» **What is required**
Exactly as they appear below, repeat the lines from the one with "White Indoor Decorator Dog Fence - 2 hieghts" through the one with "Vintage Dorfman Pacific". Drop every picture.
Recorded information Start Marker
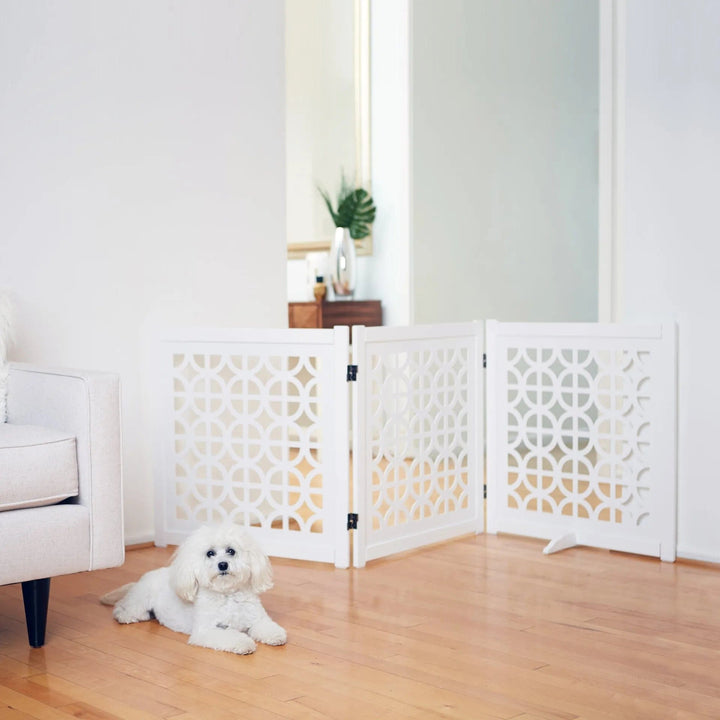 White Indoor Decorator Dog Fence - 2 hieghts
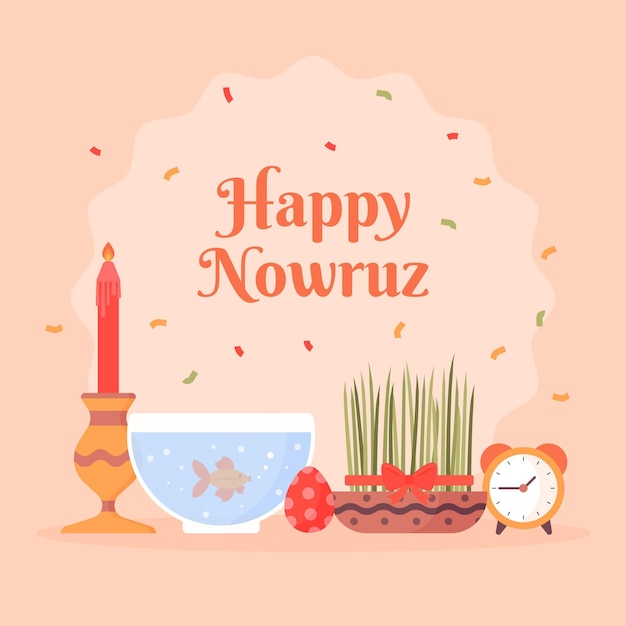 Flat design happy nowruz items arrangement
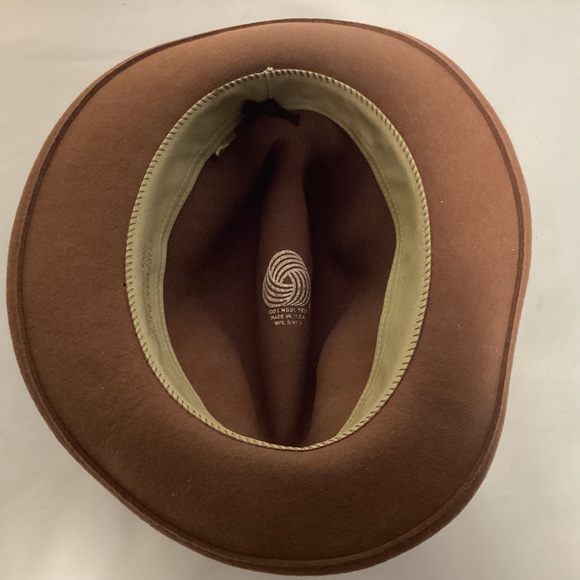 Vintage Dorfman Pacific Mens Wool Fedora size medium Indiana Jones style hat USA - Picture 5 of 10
Recorded information End Marker
Recorded information Start Marker
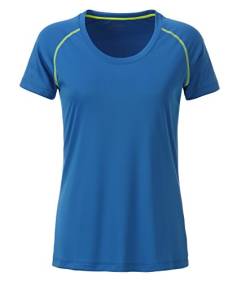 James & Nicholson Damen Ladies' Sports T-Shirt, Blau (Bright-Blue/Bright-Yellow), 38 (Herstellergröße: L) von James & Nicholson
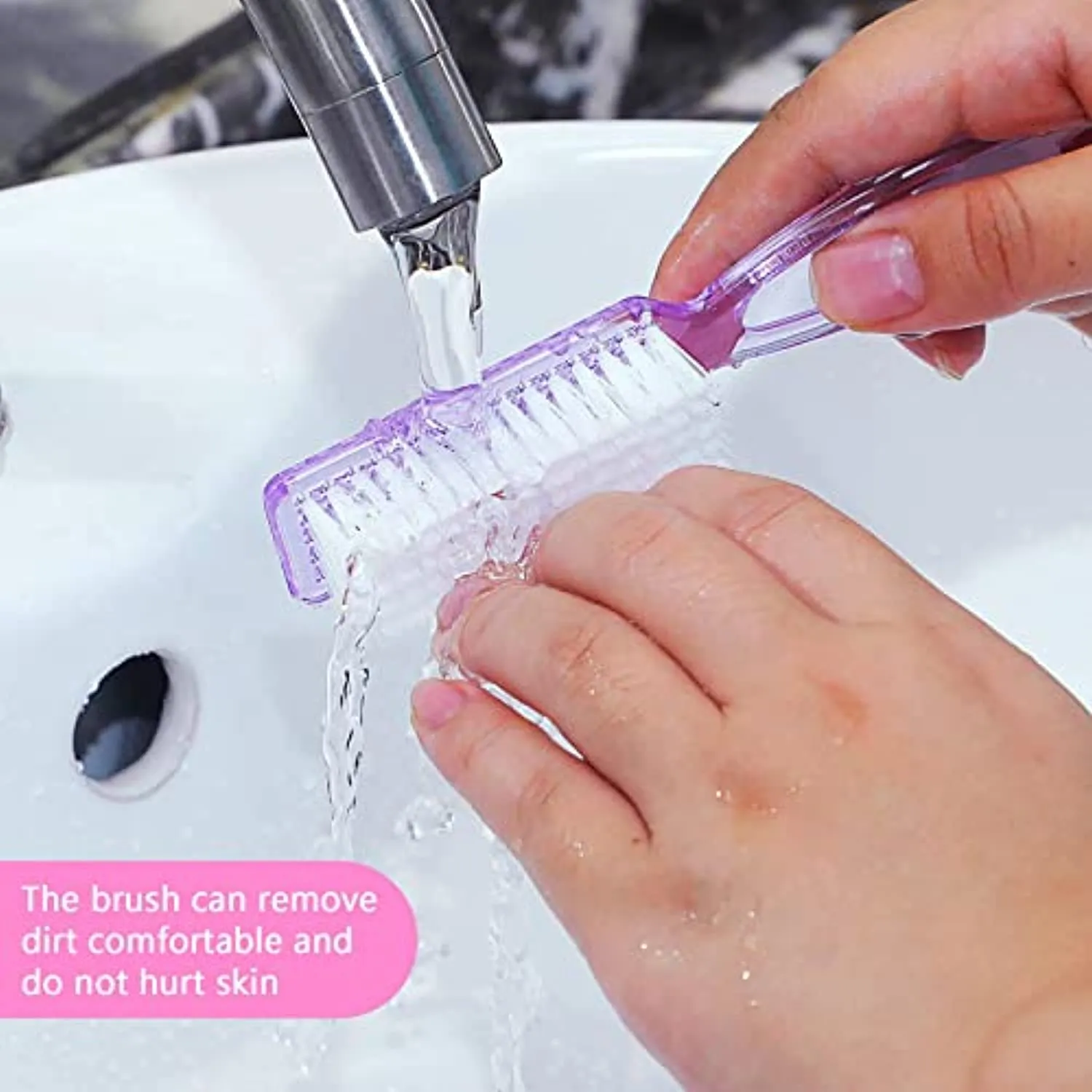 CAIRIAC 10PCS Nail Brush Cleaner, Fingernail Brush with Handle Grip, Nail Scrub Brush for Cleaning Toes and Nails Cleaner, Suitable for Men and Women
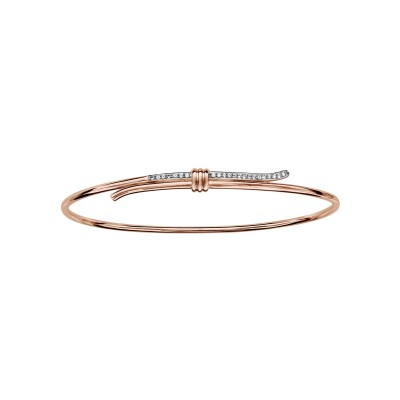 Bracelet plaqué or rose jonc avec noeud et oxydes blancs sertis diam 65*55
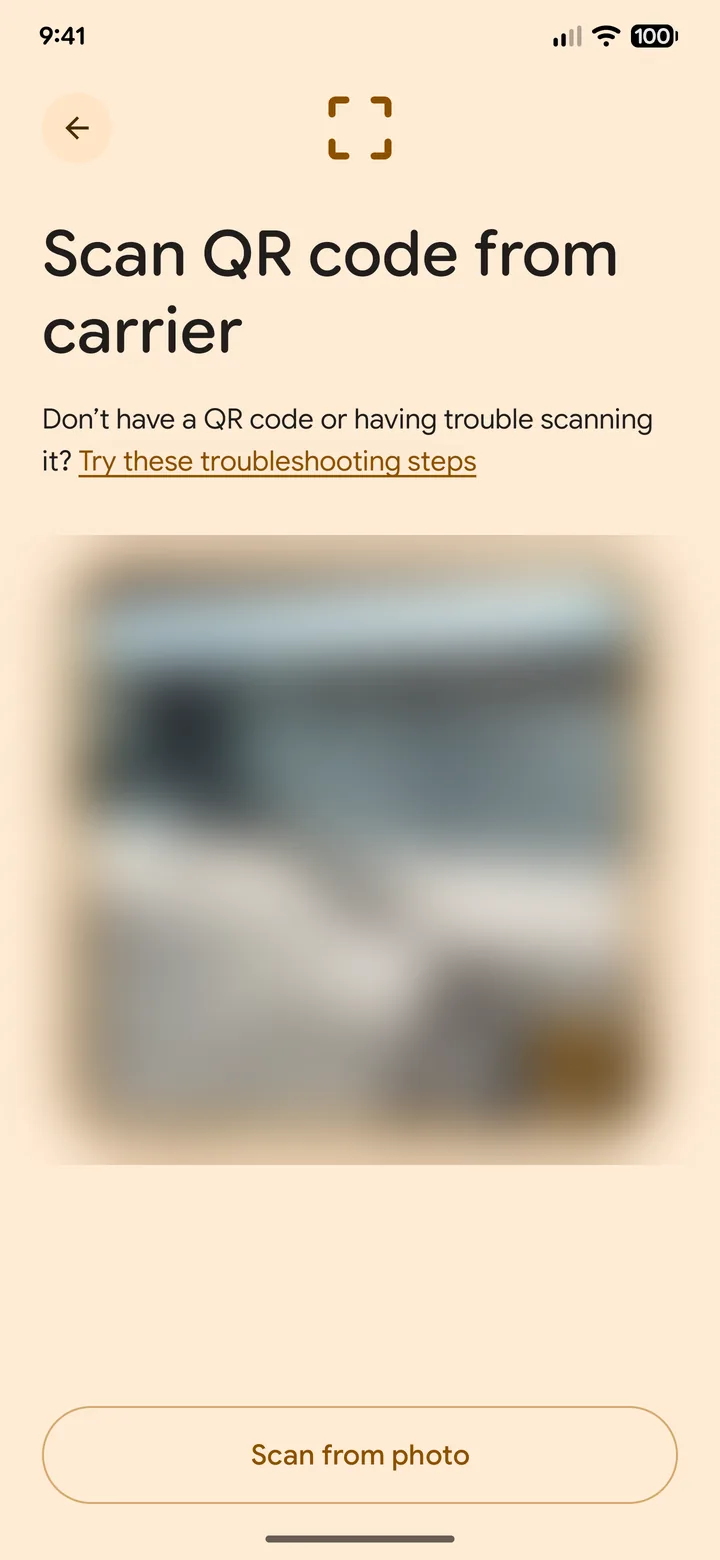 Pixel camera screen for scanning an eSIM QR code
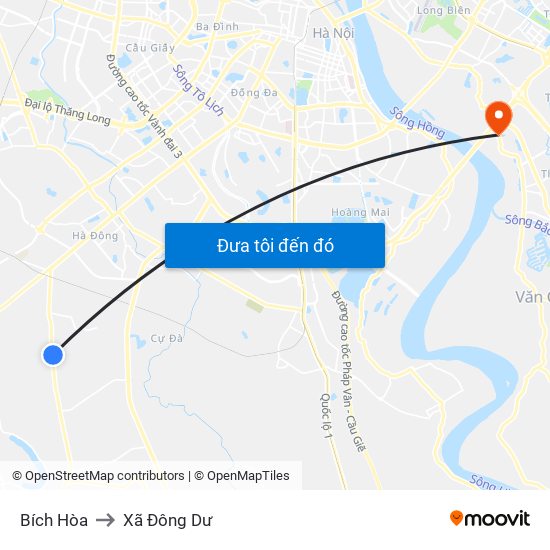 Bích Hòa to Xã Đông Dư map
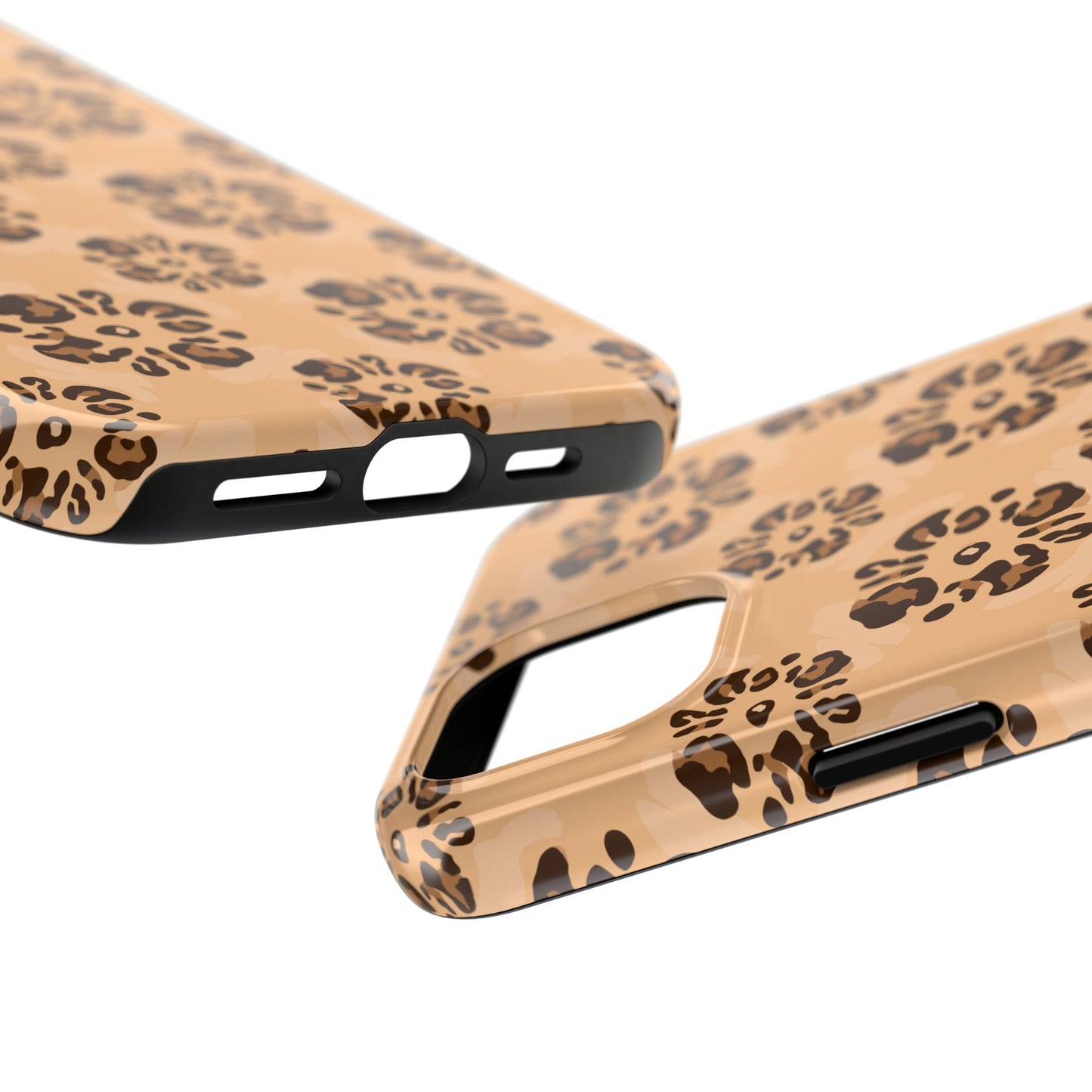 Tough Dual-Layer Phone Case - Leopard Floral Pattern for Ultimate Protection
Recorded information End Marker
» **Written response**
 White Indoor Decorator Dog Fence - 2 hieghts
 Flat design happy nowruz items arrangement
 Vintage Dorfman Pacific Mens Wool Fedora size medium Indiana Jones style hat USA - Picture 5 of 10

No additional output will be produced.